Overwhelming sadness


Have you ever felt consumed by a state of overwhelming sadness and despair? I can only guess that you have.
I have some reservations about discussing this today for two reasons. One, I do not want to make you sad by reading this, and two, I want to be mindful that I am not just singing the blues here.
So as I write this, I question the benefit that this may offer to others.
Hopefully, as I type the words, some epiphany will illuminate itself so there may be a benefit to you.
First of all, I am examining my mind to try and see clearly the root of this sadness that weighs on me like a brick on my chest. And as I examine my mind, I see that self is once again the culprit of my despair. I want to change so many circumstances right now, and am feeling hopeless in changing any of them right now. But notice how this last sentence started with the word “I”. In addition to the self issue, I also have desire and wish to control these circumstances.
So if I let go of the self, and let go of desire, where does that leave me? How do I act or behave?
I’m really not sure, because I have not traveled far enough along this path to have wisdom for this. I am still fully caught up in illusion and samsara. And because it is about me, even this awareness causes me suffering. This is upadana, the grasping for freedom from suffering.

Today I read a Blog post by a dead man. Derek Miller seemed to be a good student of the dhamma. He wrote his last post just before he died, and asked his Family to publish it after he was gone.
In the end, he was not sorry about his death or leaving this existence, but he was sad that he would not be here to help his children.
Of course, my thoughts once again turned to the self. Am I ready to accept the impermanence of life? Am I ready to let go of my loved ones, and the reality that I will not be there for them?
I certainly am not my dear friends.
I have so much more to learn, so much more wisdom to be gained. Yet I also know that grasping for it is like sweeping a dusty garage with the doors closed.
I have no guarantee of time left in this World, so I must be awake now. Yet grasping for wisdom only moves the dust around, and I see no more clearly than before.
I can only see one solution for this moment, and that is one of acceptance.
If I have sadness now, I need to be sad. It’s OK to be sad. Letting go of this, allows the next moment to arise. The door is open, the dust may blow out, and perhaps I will see a bit more clearly.
And if I do not, I need to accept that as well.

So I’m not sure if this was any benefit to you, but my sincere wish is that it was.
For me, I worked through it, and can see that kindness and acceptance will put a little wind beneath my wings.
Thank you for being with me, and as always…
May you be well, happy and peaceful.

  • ParkRidgeDDS

    First, let me say that this post was excellent and did not make me sad…it made me do a great deal of thinking. I do have times that I am overwhelmingly sad and uncertain. Over the years, my ways of handling it have altered a bit but, the end feeling that I have always carried with me was a sort of “this too shall pass” . Not too long ago I posted a feeling of sadness on Facebook and loving friends responded with kindness and compassion but, your response made the biggest impact on me because (and I don’t remember verbatim what you wrote) it introduced me to the term impermanence.
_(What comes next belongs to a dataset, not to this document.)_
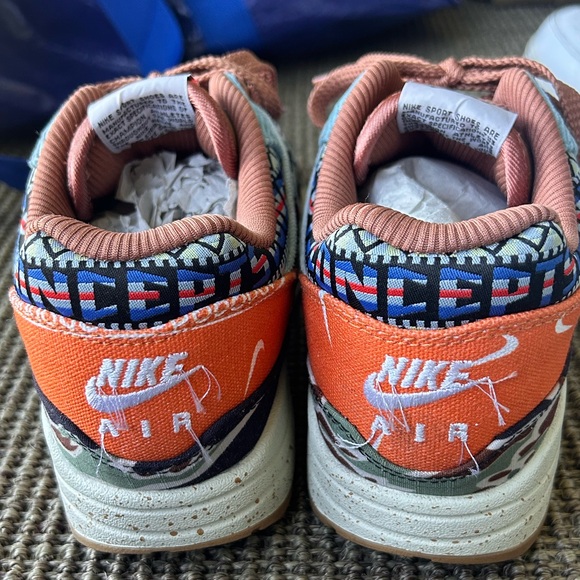 Nike Airmax Concepts Sneakers - Picture 3 of 4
Impermanence has become a household word here. It is a word that helps me to keep things in perspective. And, while I still have not come to terms with the seemingly “permanence” of death (which brings much sadness to me when thinking about it) I really DO understand and embrace the concept of impermanence in my daily life and daily emotions and daily thoughts. Impermanence explains the “this too shall pass” concept. It really helps me to not hang onto negative emotions….understanding the impermanence of positive feelings is a little bit harder to embrace but, intellectually, I completely understand it. I love the “if I have sadness now, I need to be sad…it’s okay to be sad” statement. That really hit home for me…it’s okay to have the feelings that we experience in the present. It is okay to be with them for awhile…as long as it takes…..because, those feelings will leave and be replaced by new feelings and new experiences. It is what makes life so incredibly beautiful. Thank you David, for a most wonderful post.

  • LIa

    this article is so depressing

  • Carolyn

    Thank you — typed in “overwhelming sadness” and you popped up. This was helpful, and by checking out some of your other blogs, I feel better. Sometimes life is tough, and it’s okay to feel sad. It is impermanent after all.

    • http://www.wellhappypeaceful.com/ David Schmidt

      So glad you found me Carolyn, and you are exactly right about it being impermanent.

    • anon

      True..

  • anon

    great…I needed this :) Thank you.

  • Segafer

    It.
    does.
    not.
    help.

    Acceptance is worse than everything else. Acceptance is here masochism, or in the best case a simulated schizophrenia.
    You ask us to draw some happiness, or some satisfaction, out of our suffering. Happiness that it is a normal situation. Satisfaction that it will end soon.
    But it isn’t, and doesn’t.
    All you do is deceiving yourself.
    Blindfolding yourself…

    Mainwhile, in you inner core, the pain is holding, tough.